Witam!
Jaśminie, Twój plan jest zaiste wspaniały, ale po ostatnim i jak dotychczas moim pierwszym sezonie już mogę powiedzieć, że polskie rymcymcerze jeszcze do tego nie dojrzały.
Jedyna "bitwa inscenizacyjna" w jakiej miałem przyjemnosć dotychczas wziąć udział odbywa się u Was w Słupsku. Ci co byli wtedy lepiej wyposażeni, to bili się bardziej serio, ale np. ja mimo iż byłem tylko w kolczudze i kapturze, nie czułem się ani trochę zagrożony kontuzją. W jednym starciu ktoś podłozył się mi, w drugim ja komuś i całkowite spoko.
Co do tej bitwy w Anglii, to czytałem coś o tym i rzeczywiście sprawa fantastyczna.
A teraz kilka moich słów na temat owego "buhurtu".
Przede wszystkim restrykcje powinny być dosyć ostre i całe takie starcie powinno być mocno i ściśle kontrolowane, bo: BĘDZIE RZEŹ!!!.

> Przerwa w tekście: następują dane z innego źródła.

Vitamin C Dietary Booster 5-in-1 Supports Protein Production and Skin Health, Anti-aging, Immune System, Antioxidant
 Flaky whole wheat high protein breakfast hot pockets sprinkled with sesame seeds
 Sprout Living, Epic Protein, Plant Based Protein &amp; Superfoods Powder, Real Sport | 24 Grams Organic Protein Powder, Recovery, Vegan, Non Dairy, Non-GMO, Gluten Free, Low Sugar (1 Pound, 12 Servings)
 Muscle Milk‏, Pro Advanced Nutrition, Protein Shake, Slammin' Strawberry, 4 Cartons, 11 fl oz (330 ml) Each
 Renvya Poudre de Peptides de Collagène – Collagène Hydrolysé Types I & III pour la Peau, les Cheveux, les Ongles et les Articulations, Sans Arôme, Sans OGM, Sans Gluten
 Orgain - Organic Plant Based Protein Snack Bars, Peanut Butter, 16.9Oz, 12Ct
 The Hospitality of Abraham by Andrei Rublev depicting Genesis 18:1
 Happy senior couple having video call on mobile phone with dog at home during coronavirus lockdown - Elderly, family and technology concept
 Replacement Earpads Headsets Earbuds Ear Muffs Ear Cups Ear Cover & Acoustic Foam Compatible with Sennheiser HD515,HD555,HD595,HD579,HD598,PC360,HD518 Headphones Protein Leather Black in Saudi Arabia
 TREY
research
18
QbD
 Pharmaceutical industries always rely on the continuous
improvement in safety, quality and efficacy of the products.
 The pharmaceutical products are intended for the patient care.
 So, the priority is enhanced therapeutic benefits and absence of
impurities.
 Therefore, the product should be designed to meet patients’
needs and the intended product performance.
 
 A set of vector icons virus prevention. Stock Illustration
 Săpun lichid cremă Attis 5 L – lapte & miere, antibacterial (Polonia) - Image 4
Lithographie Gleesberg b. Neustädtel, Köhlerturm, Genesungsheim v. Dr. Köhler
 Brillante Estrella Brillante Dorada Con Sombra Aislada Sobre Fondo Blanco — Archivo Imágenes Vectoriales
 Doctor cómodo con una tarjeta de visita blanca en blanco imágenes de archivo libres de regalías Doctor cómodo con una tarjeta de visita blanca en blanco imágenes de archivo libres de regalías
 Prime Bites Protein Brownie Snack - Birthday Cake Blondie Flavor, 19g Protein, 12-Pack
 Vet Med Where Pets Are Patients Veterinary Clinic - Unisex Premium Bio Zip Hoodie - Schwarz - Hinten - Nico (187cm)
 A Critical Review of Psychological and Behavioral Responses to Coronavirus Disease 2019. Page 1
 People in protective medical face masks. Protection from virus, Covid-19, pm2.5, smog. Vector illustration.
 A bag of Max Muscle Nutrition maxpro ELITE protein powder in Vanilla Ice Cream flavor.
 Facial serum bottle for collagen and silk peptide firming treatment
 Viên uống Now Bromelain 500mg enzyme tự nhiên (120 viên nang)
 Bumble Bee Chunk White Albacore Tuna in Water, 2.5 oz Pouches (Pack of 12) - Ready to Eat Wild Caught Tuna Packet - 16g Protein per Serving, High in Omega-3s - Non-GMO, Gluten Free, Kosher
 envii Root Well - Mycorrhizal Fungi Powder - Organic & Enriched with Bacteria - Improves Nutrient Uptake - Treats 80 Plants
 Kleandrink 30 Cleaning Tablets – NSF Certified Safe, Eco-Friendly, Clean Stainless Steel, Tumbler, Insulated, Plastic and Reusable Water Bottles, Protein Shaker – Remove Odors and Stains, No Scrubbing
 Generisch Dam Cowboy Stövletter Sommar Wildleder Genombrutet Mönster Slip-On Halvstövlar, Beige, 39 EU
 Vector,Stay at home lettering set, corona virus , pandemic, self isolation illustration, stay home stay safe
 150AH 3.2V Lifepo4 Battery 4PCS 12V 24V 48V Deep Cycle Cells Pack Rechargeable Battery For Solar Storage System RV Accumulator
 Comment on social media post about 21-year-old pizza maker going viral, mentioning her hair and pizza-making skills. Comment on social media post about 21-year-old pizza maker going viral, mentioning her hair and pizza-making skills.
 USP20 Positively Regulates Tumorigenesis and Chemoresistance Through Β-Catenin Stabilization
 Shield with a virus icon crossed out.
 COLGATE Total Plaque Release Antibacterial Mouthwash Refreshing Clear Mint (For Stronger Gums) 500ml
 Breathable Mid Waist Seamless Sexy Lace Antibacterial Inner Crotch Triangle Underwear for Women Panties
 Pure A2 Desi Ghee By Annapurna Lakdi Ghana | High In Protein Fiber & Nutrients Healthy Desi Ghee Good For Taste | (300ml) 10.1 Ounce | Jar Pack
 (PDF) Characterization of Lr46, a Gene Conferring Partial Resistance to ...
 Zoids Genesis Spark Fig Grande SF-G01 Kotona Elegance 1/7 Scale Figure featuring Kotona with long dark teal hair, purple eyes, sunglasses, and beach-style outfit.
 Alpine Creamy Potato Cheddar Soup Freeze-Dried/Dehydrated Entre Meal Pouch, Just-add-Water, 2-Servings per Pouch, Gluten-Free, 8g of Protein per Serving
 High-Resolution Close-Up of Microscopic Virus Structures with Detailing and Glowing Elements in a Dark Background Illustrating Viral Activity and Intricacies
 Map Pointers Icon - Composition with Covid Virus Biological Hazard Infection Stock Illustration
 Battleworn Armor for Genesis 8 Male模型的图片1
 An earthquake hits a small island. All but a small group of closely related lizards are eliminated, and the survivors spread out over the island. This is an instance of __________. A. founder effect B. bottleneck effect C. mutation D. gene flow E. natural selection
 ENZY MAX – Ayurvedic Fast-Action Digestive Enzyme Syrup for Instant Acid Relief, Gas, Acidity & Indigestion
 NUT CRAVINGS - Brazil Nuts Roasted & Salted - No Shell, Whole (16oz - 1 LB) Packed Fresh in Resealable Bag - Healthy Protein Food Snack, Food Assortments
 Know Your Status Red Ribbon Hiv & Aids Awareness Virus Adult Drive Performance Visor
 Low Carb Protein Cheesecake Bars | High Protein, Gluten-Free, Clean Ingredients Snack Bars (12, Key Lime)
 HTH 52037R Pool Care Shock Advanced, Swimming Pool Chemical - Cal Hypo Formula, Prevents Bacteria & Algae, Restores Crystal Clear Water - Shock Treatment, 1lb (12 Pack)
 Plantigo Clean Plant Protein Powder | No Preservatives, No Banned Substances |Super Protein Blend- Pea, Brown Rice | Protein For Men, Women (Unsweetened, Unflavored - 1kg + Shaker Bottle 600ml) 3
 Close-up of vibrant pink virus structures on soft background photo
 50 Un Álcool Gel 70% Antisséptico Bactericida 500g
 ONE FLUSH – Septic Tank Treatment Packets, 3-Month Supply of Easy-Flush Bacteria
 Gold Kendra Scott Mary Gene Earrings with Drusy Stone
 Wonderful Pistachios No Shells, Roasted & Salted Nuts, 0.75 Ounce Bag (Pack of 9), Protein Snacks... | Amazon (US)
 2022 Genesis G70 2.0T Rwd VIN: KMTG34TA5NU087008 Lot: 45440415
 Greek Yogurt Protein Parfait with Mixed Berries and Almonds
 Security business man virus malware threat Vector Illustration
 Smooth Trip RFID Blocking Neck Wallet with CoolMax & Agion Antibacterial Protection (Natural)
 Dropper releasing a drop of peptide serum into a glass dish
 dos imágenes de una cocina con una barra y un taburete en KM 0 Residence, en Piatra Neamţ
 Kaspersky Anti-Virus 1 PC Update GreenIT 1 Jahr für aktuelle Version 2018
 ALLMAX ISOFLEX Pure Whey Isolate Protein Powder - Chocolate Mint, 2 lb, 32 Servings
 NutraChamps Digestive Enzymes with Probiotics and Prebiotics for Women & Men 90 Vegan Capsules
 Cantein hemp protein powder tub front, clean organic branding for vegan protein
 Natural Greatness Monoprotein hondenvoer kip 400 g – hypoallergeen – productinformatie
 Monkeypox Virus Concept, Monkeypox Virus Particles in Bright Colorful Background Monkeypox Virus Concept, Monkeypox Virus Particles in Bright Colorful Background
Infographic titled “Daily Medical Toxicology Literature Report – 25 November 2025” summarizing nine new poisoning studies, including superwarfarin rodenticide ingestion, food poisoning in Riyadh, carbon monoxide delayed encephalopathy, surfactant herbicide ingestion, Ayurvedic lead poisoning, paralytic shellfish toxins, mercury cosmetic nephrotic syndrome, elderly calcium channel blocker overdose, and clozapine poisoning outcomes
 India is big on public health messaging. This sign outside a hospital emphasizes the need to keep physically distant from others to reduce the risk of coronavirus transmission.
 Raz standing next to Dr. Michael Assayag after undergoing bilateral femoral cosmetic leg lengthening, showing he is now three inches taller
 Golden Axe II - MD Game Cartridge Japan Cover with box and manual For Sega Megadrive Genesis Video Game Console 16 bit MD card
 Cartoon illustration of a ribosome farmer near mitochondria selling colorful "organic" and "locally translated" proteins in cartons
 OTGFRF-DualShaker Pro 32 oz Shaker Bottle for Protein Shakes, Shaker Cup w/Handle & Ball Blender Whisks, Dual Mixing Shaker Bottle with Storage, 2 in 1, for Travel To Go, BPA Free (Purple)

Sprawa prosta, jeśli w inscenizacjach bywają naprawdę powazne wypadki, to każdy z takich buhurt'ów moze przypominać Nowogródek 2002. :P
Pewnym rozwiązaniem jest klepanie się drewnem, ale przecież wtedy nie czujemy tej mocy i mrocznych sił :twisted: , która co poniektórzy mroczni panowie lubią na równi z uszkadzaniem swoich kolegów...
Wracając do inscenizacji, to jest czasem kłopot z tym, że ludzie mogą nie wiedzieć jak walczyć. Jedni będą walczyli stylem teatralnym, inni będą uderzać po prostu trochę lżej i wolniej, a z kolei ktoś moze robić ciosy full kontaktowe, z tym, że będzie urzywał tylko całkowicie podstawowych uderzeń, które każdy sparuje....
W Polakach jest mało dyscypliny...tak jak to powiedział Nivelis: każdemu trzebaby tłumaczyć z osobna, a kto na ochotnika, żeby każdemu tłumaczyć?